The latest hiccup in Greece was caused by European finance ministers’ determination to get Greek leaders to commit themselves to changing their ways. While riots exploded on the streets of Athens, the Greek parliament approved yet another programme of austerity and reform. The finance ministers were then due to agree on a new €130 billion ($170 billion) bail-out which is meant to clear the way for a private-sector debt-restructuring that would leave Greece owing around 120% of GDP in 2020, down from today’s 160%. But an election is looming in April, and Greece’s rescuers insisted that the country’s main political leaders should all sign up to the package.
For all the bile that some are now hurling, especially at Germany, the odds are that Greece’s politicians will buckle. Few in Athens want a disorderly default next month that might lead to a messy exit from the euro. Nor, despite sharp words from some German politicians, do most in the rest of Europe.
Elsewhere in the euro zone there are glimmers of hope, especially in the ambition for structural reforms. In the euro’s first decade, southern Mediterranean countries enjoyed the benefit of lower interest rates, but they failed to reform their labour and product markets to make their economies more competitive for a world in which they had lost the safety-valve of currency devaluation.
Belatedly, the euro crisis has changed this.

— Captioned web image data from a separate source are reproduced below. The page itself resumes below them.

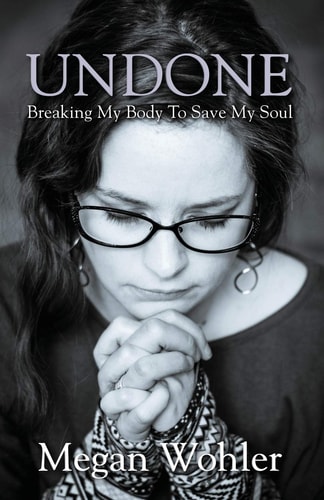 Undone Breaking My Body to Save My Soul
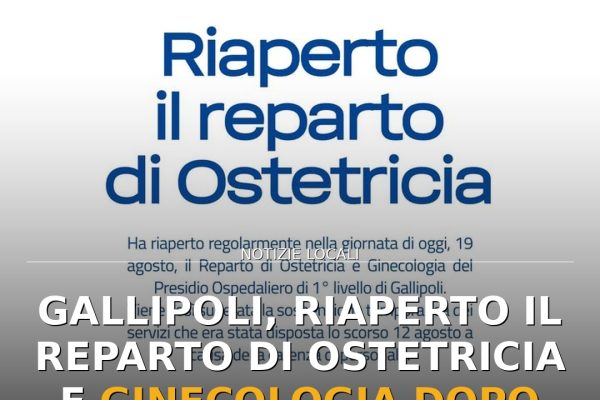 Gallipoli, riaperto il reparto di Ostetricia e Ginecologia dopo la sospensione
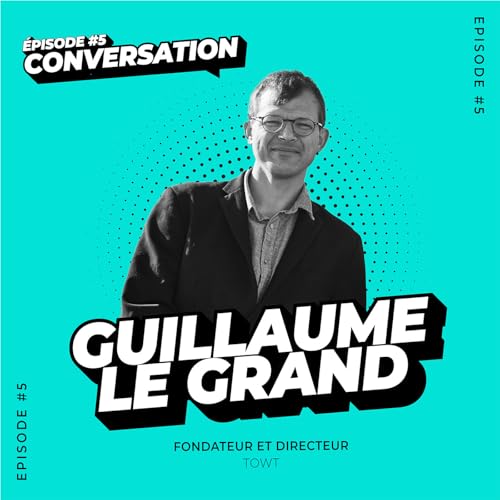 Conversation - &Eacute;pisode 5 : Guillaume Le Grand, Directeur g&eacute;n&eacute;ral de TOWT (TransOceanic Wind Transport)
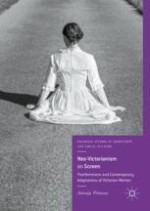 Introduction: Neo-Victorianism on Screen and Postfeminist Media Culture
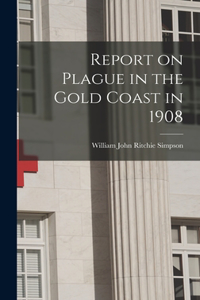 Report on Plague in the Gold Coast in 1908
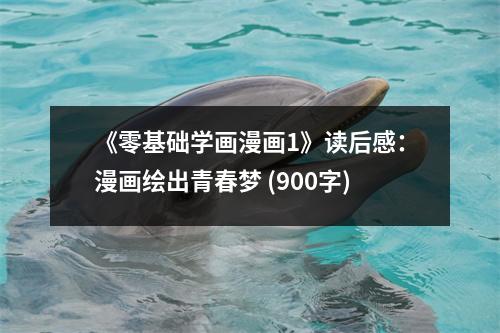 《零基礎(chǔ)學(xué)畫漫畫1》讀后感：漫畫繪出青春夢 (900字)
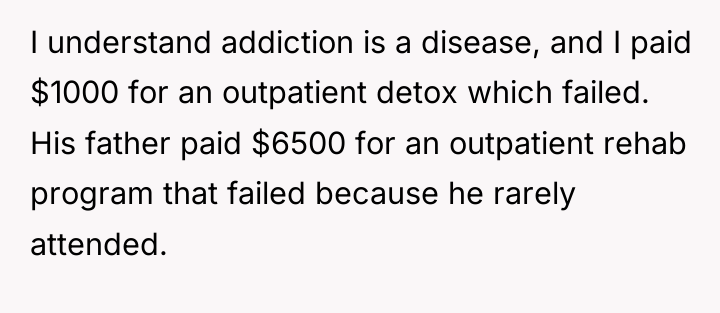 I understand addiction is a disease, and I paid $1000...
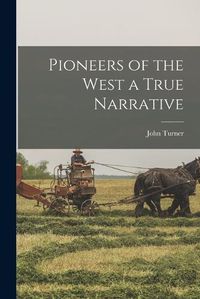 Cover image for Pioneers of the West a True Narrative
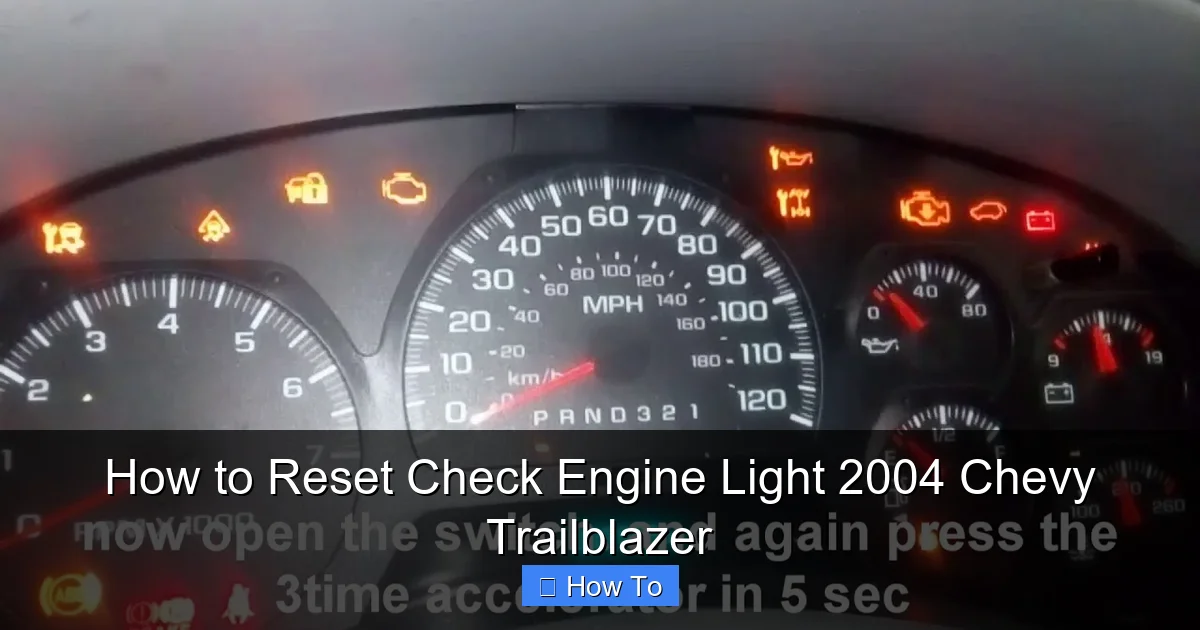 How to Reset Check Engine Light 2004 Chevy Trailblazer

Ireland has regained competitiveness. Spain’s new government won a big mandate for radical change last November. It has announced reforms of its rigid labour laws that may eventually go a long way towards cutting the country’s chronically high unemployment. And Italy’s new prime minister, Mario Monti, although running an unelected government, basks in the highest popularity rating of any Italian leader in years. Mr Monti has already passed a pension reform and is soon to propose labour reforms of his own (see article). All this should make euro-zone members better able to cope with the rigours of sharing a single currency with Germany.

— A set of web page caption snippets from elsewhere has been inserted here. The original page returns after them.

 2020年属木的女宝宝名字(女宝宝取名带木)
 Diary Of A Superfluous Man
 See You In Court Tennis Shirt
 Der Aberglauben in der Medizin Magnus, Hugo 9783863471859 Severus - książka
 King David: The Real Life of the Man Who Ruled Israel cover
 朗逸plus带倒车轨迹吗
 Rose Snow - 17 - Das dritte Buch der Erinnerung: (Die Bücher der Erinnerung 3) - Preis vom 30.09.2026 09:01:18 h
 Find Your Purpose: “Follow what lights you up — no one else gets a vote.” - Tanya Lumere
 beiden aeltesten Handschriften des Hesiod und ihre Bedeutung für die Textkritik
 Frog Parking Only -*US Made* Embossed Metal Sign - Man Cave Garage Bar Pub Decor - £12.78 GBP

Yet the continuing frailty of the euro zone’s economies threatens to undermine these efforts. The latest numbers, for the fourth quarter of 2011, show Greek GDP shrinking by as much as 7% a year. Ahead of an election that may bring the centre-right to power, this is making the politics of austerity still more vicious (see article). It also sets up the eventual prospect of yet another debt restructuring. And although a new government may successfully impose wage and public-sector payroll cuts, Greece’s privatisation promises look hopelessly optimistic. Deeper reforms to the economy may prove to be beyond its politicians’ capacity, even if they keep their word (which past form suggests they will not).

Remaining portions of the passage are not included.